The Senegalese government banned the dissemination of Wednesday’s editions of the satirical French weekly Charlie Hebdo and the French daily Liberation, both of which put a cartoon of the Prophet Muhammad on their front pages.
“It is forbidden to distribute and disseminate, by any means, today’s editions of the French magazine ‘Charlie Hebdo’ and the French newspaper ‘Liberation’ throughout the national territory,” the Senegalese news agency APS reported, citing a statement from the interior ministry.
No Senegalese newspapers or news sites have reprinted the controversial Charlie Hebdo cover, the magazine’s first edition since two Islamist gunmen attacked its Paris offices last week, killing 12 people.

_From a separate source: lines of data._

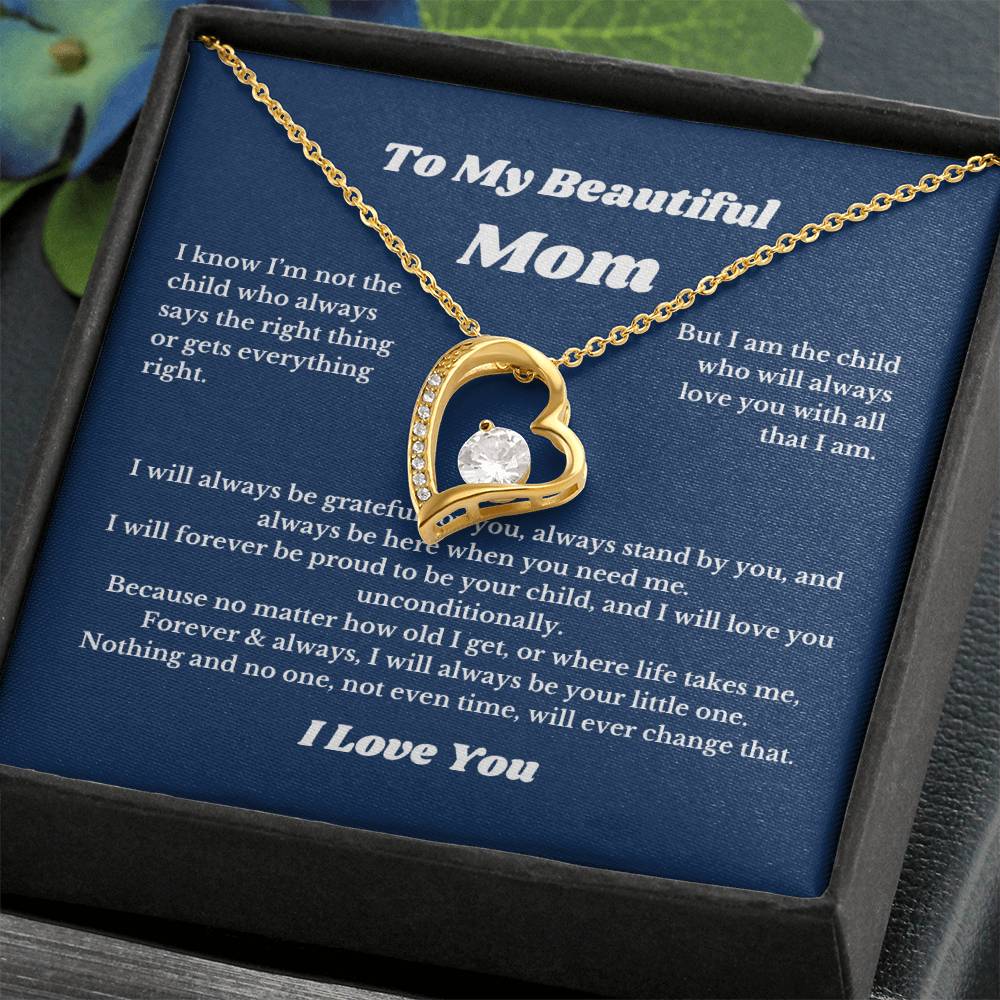To My Beautiful Mom Heart Necklace Gift For Mothers Day, Valentines, Message Card
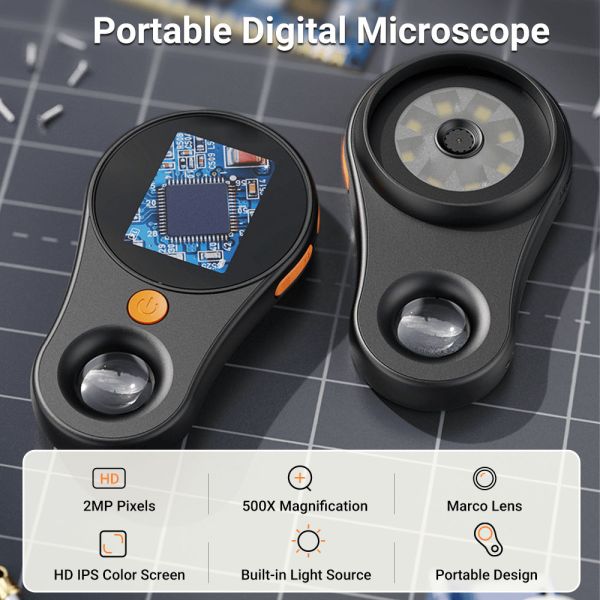 Portable Handheld Mini Digital Microscope with 2 inch IPS Screen and 2MP Pixels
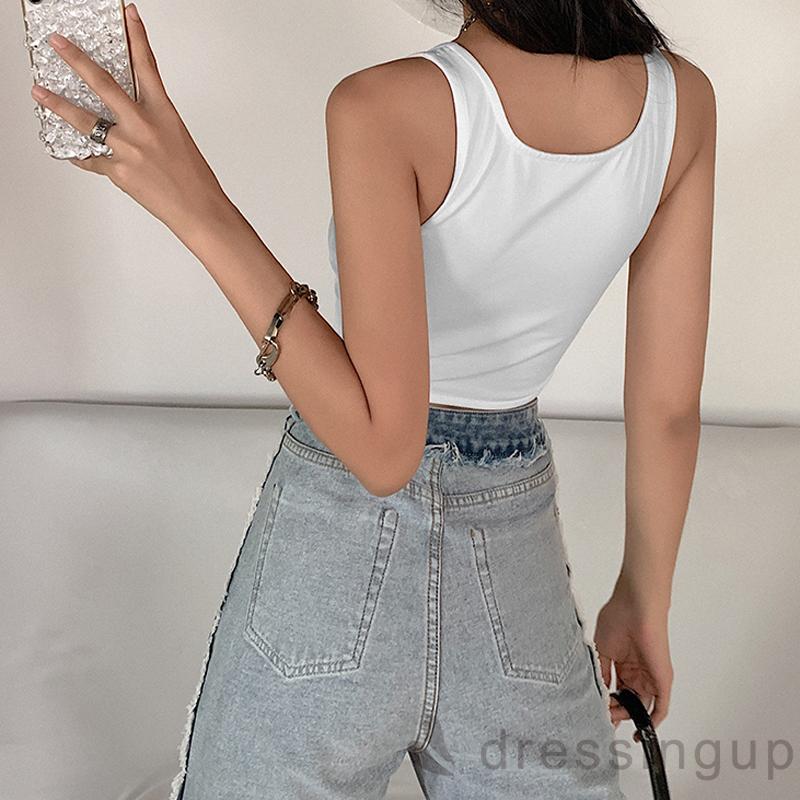 DRESSINGUP-Áo Nữ Không Tay Kiểu Dáng Thời Trang Quyến Rũ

The Charlie Hebdo weekly has repeatedly been the target of threats for its cartoons mocking Muhammad and Wednesday’s edition drew fresh anger from many in the Islamic world, including in Turkey where a court blocked websites from reproducing the latest cartoon.
But the magazine sold out in record time in France and will have a print run of five million copies this week, instead of the usual 60 000.
The image shows the prophet shedding a tear and holding a sign with the slogan “Je suis Charlie” (“I am Charlie”), under the headline “All is forgiven”.
The weekly is not widely available in Senegal but can be found in some newsagents. Censorship of the press is rare in the mainly-Muslim country but several local religious leaders have spoken out against the cartoon.
Senegal’s President Macky Sall took part in a massive unity rally in Paris on Sunday that saw millions pour onto the streets to condemn terrorism.